Le sentiment de merveille empreignant cet événement, tout focalisé sur la personne de l’enfant Jésus, est amplifié davantage quand l’évangéliste nous fait observer la scène par les yeux de ses parents, qui le retrouvent au troisième jour de leur recherche anxieuse: «Sa mère lui dit: « Mon enfant, pourquoi nous as-tu fait cela? Vois comme ton père et moi, nous avons souffert en te cherchant! » Il leur dit: « Comment se fait-il que vous m’ayez cherché? Ne saviez-vous pas qu’il me faut être chez mon Père? » Mais ils ne comprirent pas ce qu’il leur disait».

En effet, c’est juste le regard de Marie et de Joseph qui nous permet de mieux comprendre la valence de cet épisode. Il permet à ses parents – et, à travers eux, à tous les lecteurs du texte – d’élaborer dans leurs cœurs un processus de croissance dans la compréhension de l’identité et de la mission de Jésus. Bien que Marie, dès le moment de l’annonciation, connaissait par révélation l’identité divine de son enfant, c’est par l’expérience de sa vie avec Jésus qu’elle et Joseph avaient à comprendre davantage son mystère et à s’y conformer pas-à-pas. Ils le savaient bien: l’identité de leur enfant était un don à accueillir, protéger et soigner respectueusement, pas un bien à maîtriser ou façonner selon leur volonté.

Cet épisode de l’évangile appelle tous les parents et toutes les sociétés à regarder leurs enfants, en quelque sorte, avec les mêmes yeux de Marie et de Joseph. Regarder les enfants comme un don divin qui porte en soi un mystère originaire, qui précède les projets de leurs parents et de leurs milieux de vie. Les enfants ne sont pas seulement ce que les adultes veulent qu’ils soient. Toute personne vivante porte en soi une identité et une dignité constitutives, qui ne découlent pas seulement de la somme de tous les apports naturels, culturels et environnementaux qu’elle a reçus. Chaque enfant, chaque personne, n’est pas un individu produit en série, mais un mystère qu’il faut apprendre à accueillir et soigner cas par cas. Aider les enfants à découvrir et vivre leur identité et leurs talents, voici l’un des aspects principaux de la mission des parents.

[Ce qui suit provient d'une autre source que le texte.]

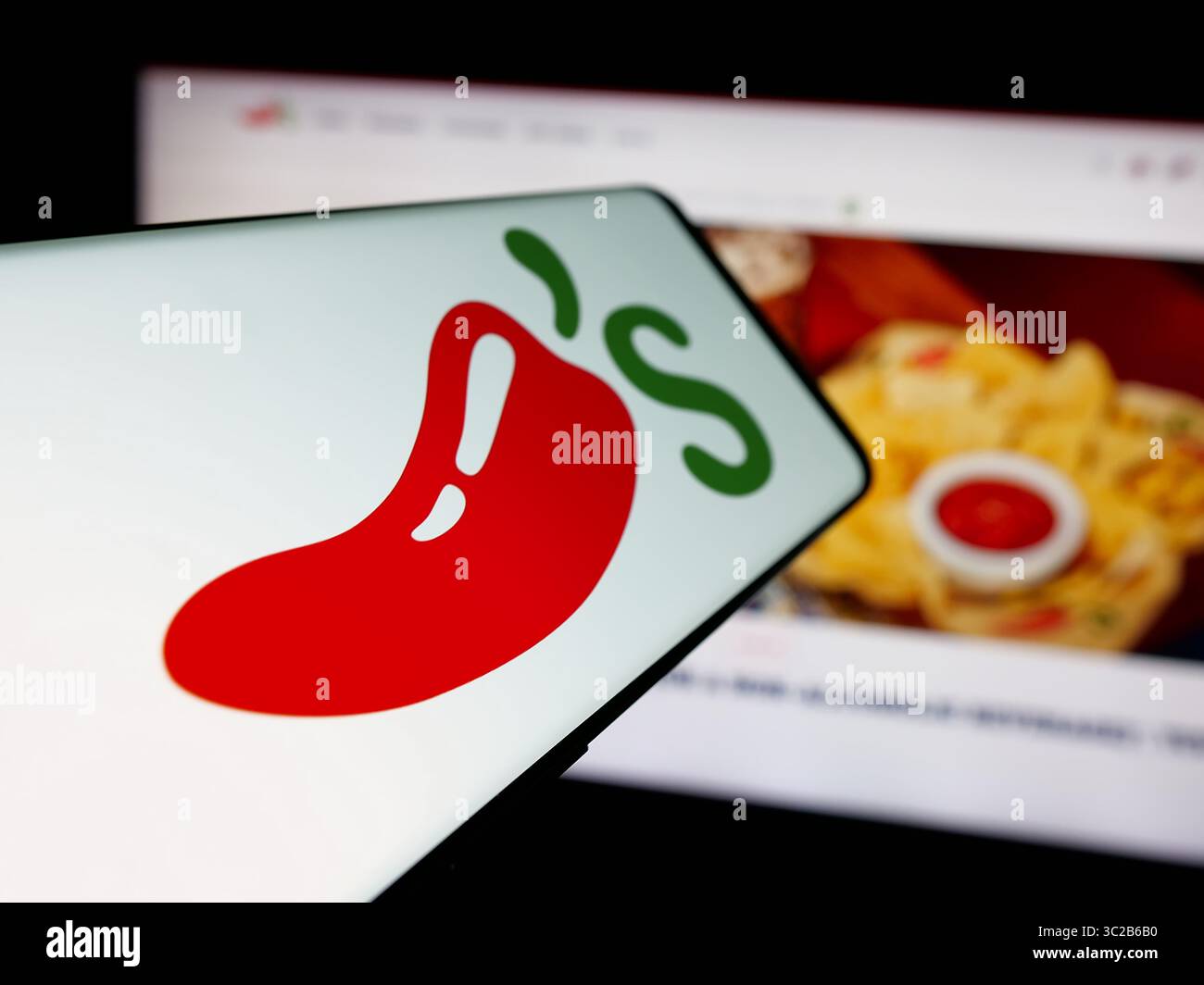 Stoccarda, Germania - 05-25-2025: Smartphone con logo della catena di ristoranti americana Chili's Grill Bar sullo schermo davanti al sito Web. Foto Stock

Tout cela ne signifie pas, bien sûr, que les parents n’aient aucun choix sur les critères de la formation et sur la direction de la vie de leurs enfants. Leur mission les appelle plutôt à s’assumer la responsabilité de témoigner aux enfants les valeurs, les vertus, la sagesse de la vie, selon leur conscience. Les parents chrétiens, en particulier, peuvent comprendre que transmettre leur foi et leur vision de la vie aux enfants n’est pas en effet une constriction, mais un don à offrir, le plus grand désir de bien à leur donner. Oui, les enfants feront leur choix de vie, mais si la foi fait partie de l’identité des parents, elle ne peut pas être cachée aux enfants au nom d’une fausse idée de leur liberté de choix. C’est la transmission de la foi elle-même qui garantit la véritable liberté, car elle met les enfants dans la condition de connaître et de vivre le don du Seigneur, et de se disposer à lui de façon consciente.

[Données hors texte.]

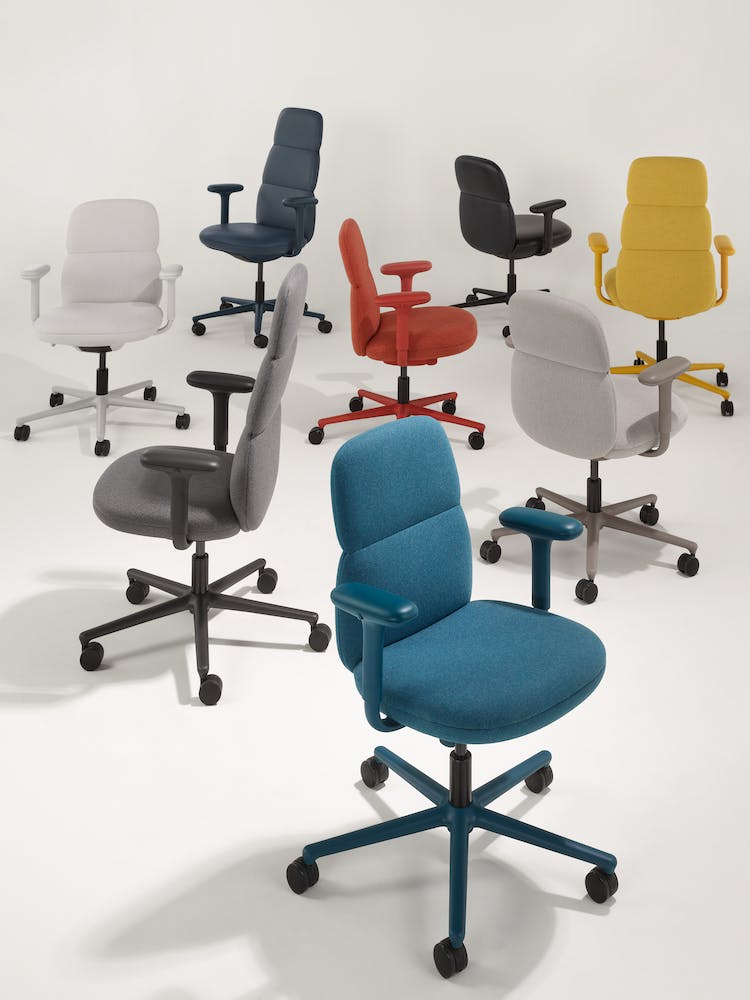 Eight Herman Miller Asari office chairs in grey, yellow, red and blue, showing the range of colours available.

Marie et Joseph, devant le mystère qui se manifestait devant la vie de Jésus, ont continué à le découvrir respectueusement et à en prendre soin d’une façon responsable, active. Demandons leur intercession sur tous les parents, afin qu’ils sachent reconnaître toujours, même dans les difficultés et dans les épreuves, la dignité personnelle de leurs enfants et leur offrir une formation riche d’amour, de vérité et de sagesse!